Work order: Print, from the listing below, the lines starting at the line containing "The next thing" and ending at the line containing "You would think", exactly as they stand, and print nothing else.

Excerpted records:
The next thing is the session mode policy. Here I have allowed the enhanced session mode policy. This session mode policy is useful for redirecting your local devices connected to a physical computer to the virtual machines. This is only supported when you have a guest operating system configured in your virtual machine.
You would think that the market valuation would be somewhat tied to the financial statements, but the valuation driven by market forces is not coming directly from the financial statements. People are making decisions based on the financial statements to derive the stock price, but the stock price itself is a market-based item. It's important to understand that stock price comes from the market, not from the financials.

---

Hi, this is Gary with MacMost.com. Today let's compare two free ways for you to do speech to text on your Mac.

Solution for this task:
The next thing is the session mode policy. Here I have allowed the enhanced session mode policy. This session mode policy is useful for redirecting your local devices connected to a physical computer to the virtual machines. This is only supported when you have a guest operating system configured in your virtual machine.
You would think that the market valuation would be somewhat tied to the financial statements, but the valuation driven by market forces is not coming directly from the financial statements. People are making decisions based on the financial statements to derive the stock price, but the stock price itself is a market-based item. It's important to understand that stock price comes from the market, not from the financials.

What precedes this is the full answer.